Twice a year, I experience a major moment of accomplishment at work. That is the day I finally get all the assigned textbooks onto the shelves of the campus bookstore. Today was that day. Since this was also the first regular class day, it was none too soon.
Openly, and without fear or favor, I shall identify my biggest problem. It was Harper Collins Publishers, which owns, among its posse of subordinate religious houses, Zondervan and Thomas Nelson. I sent a lot of orders their way this fall, and I can’t fault HC for promptitude in delivery. The books came with dispatch (though they could improve their carton sealing procedures. One box was split open, though no books were lost).
The problem was their billing. Usually in this life we complain that bills come too soon. “The bill’s here already?” we say. “I just took delivery!”
But it’s different in my wild and crazy world. If I were like those bloated capitalists who run the average bookstore, I’d pause from lighting my cigars with $500 dollar bills to slap the suggested retail price on every book, then sit back and rake in the obscene profits. But at the schools of the Association of Free Lutheran Congregations, we just add a small percentage markup to the wholesale cost, and pass the savings onto the customer. If we get a good deal, the buyer gets the benefit. That’s how we Free Lutherans roll.

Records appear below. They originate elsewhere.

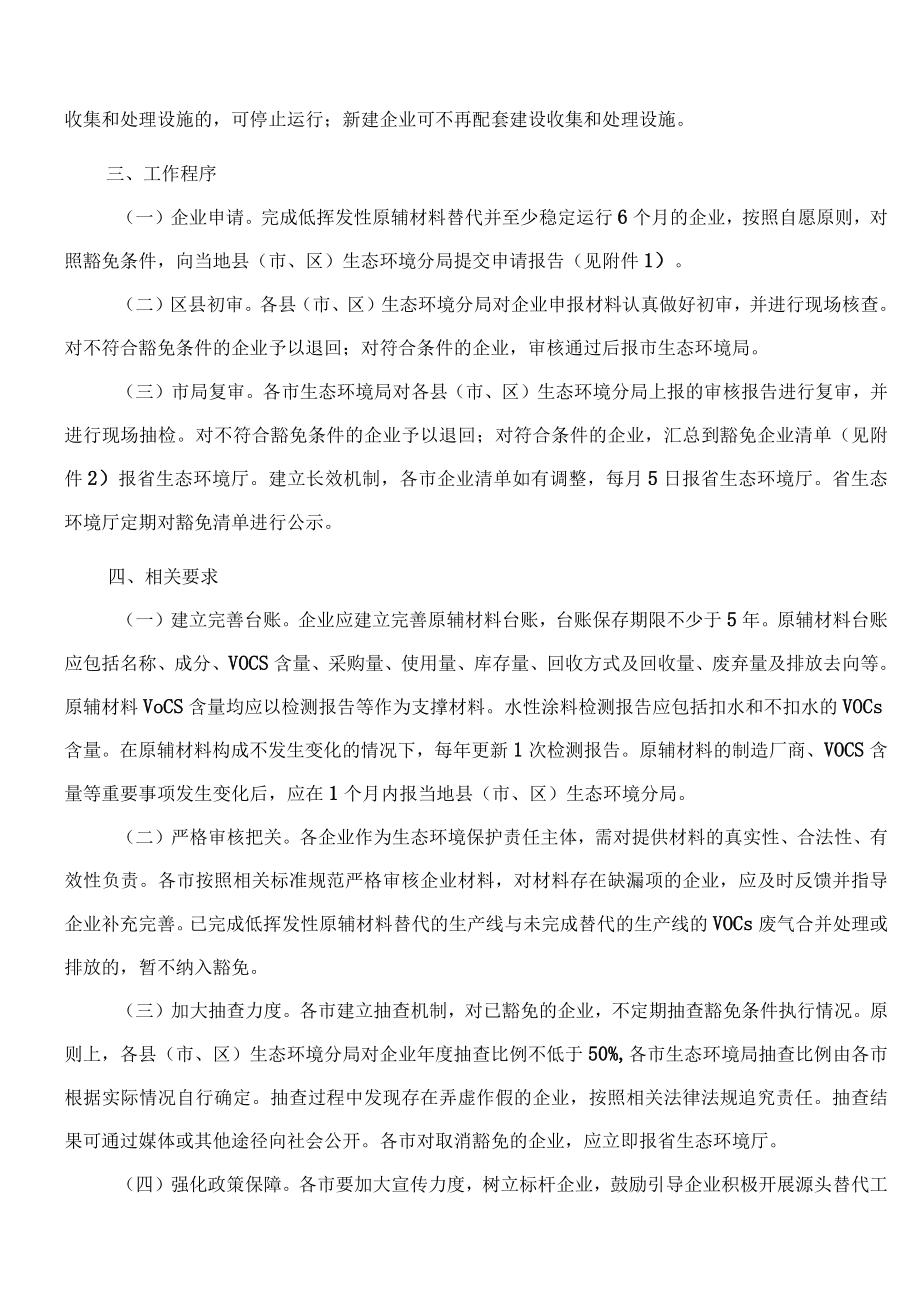 山东省生态环境厅关于印发低挥发性原辅材料替代企业豁免挥发性有机物末端治理实施细则(试行)的通知.docx_第3页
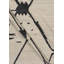Flatweave Wool Geometric Area Rug in Beige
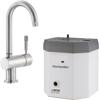 Montpellier OneStream Swan Spout Hot Boiling Water Tap Brushed Steel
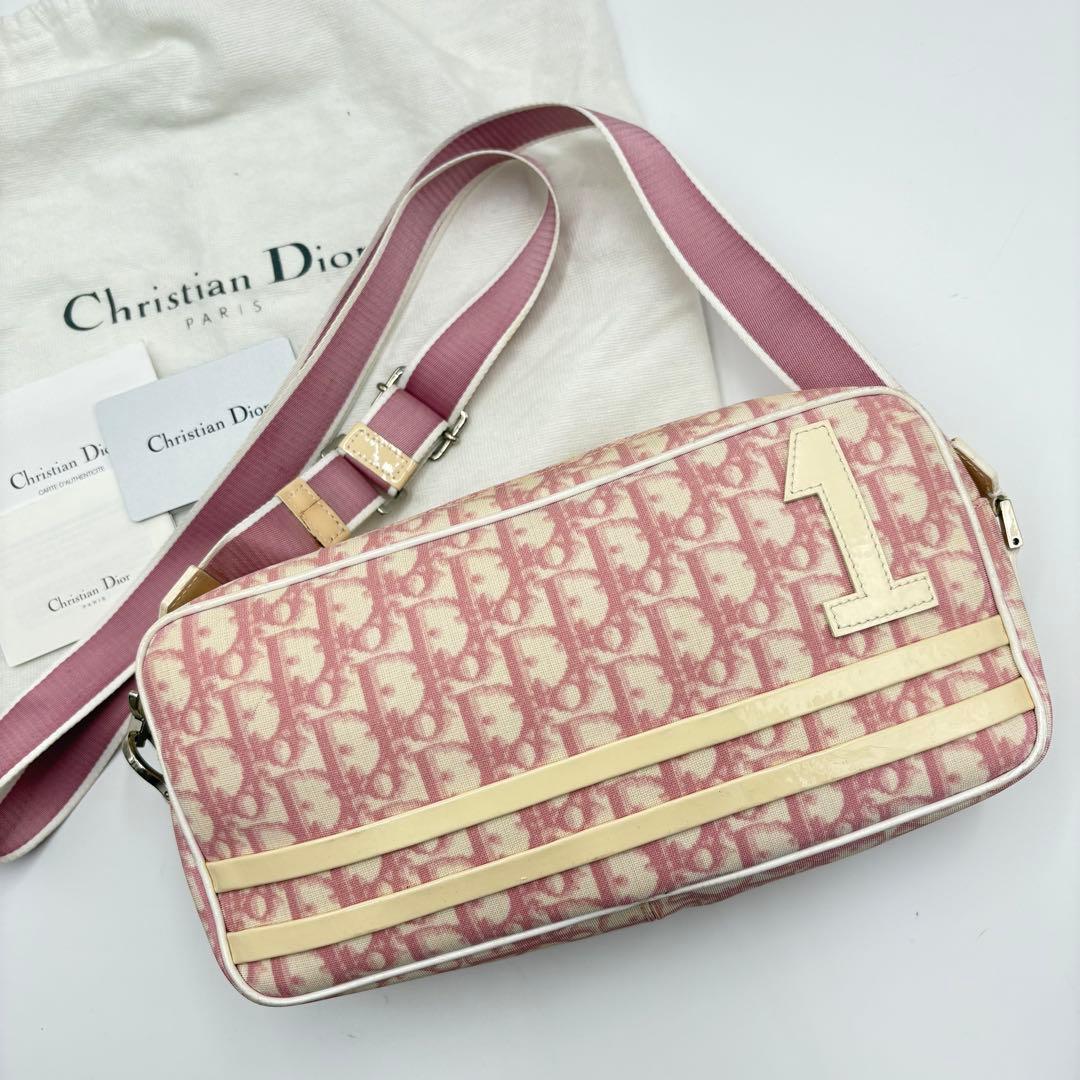 【良品✨】Christian Dior ディオール　ショルダーバッグ　トロッター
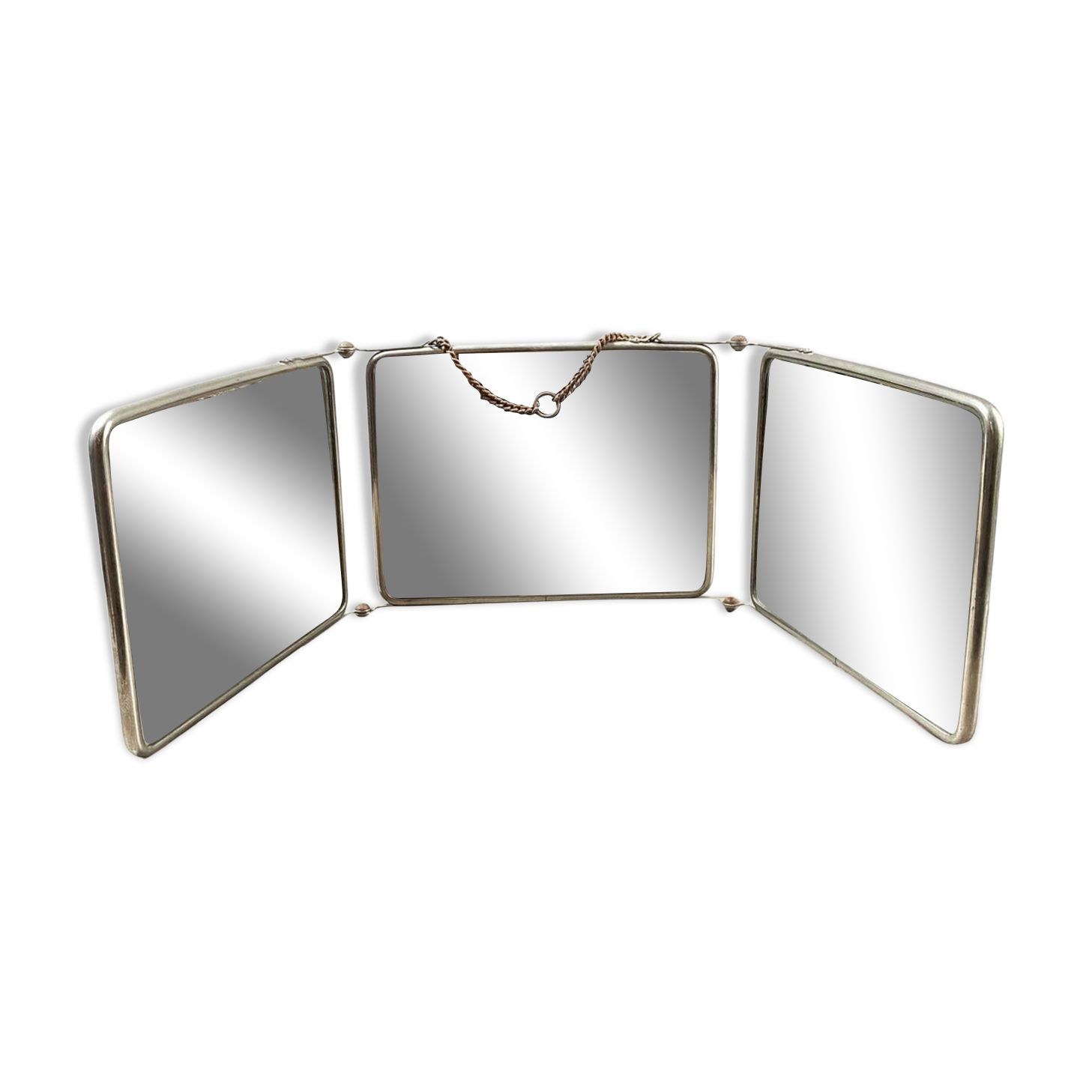 Horizontal triptych mirror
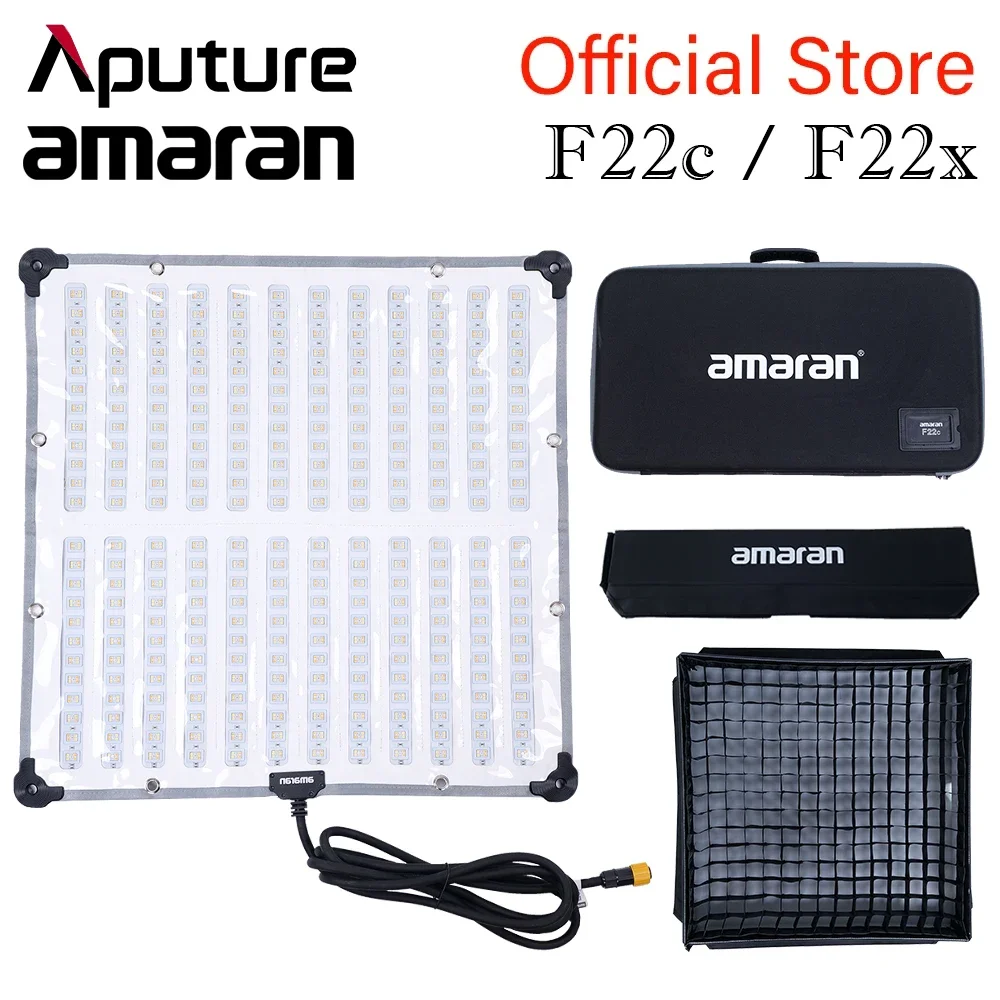 

Amaran F22C/F22X Flexible Light RGBWW Full Color Video Light 2500-7500K Studio Lamp with Grid Softbox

But I can’t do perform that process if I don’t have the full cost of each book order. Many publishers include an invoice in the carton, or state the total cost (including shipping and handling) in the packing list. Harper Collins, however, does not do that. Their invoices finally arrived in the mail today, and I was able at last to price all our new books.
Then I performed some librarian magic to get the seminary dean a copy of an old journal article he wanted. Before I checked it out, I didn’t even know I could do that.
I need a medal. Some kind of an achievement award.
I’ll take a donut. Anybody got a donut?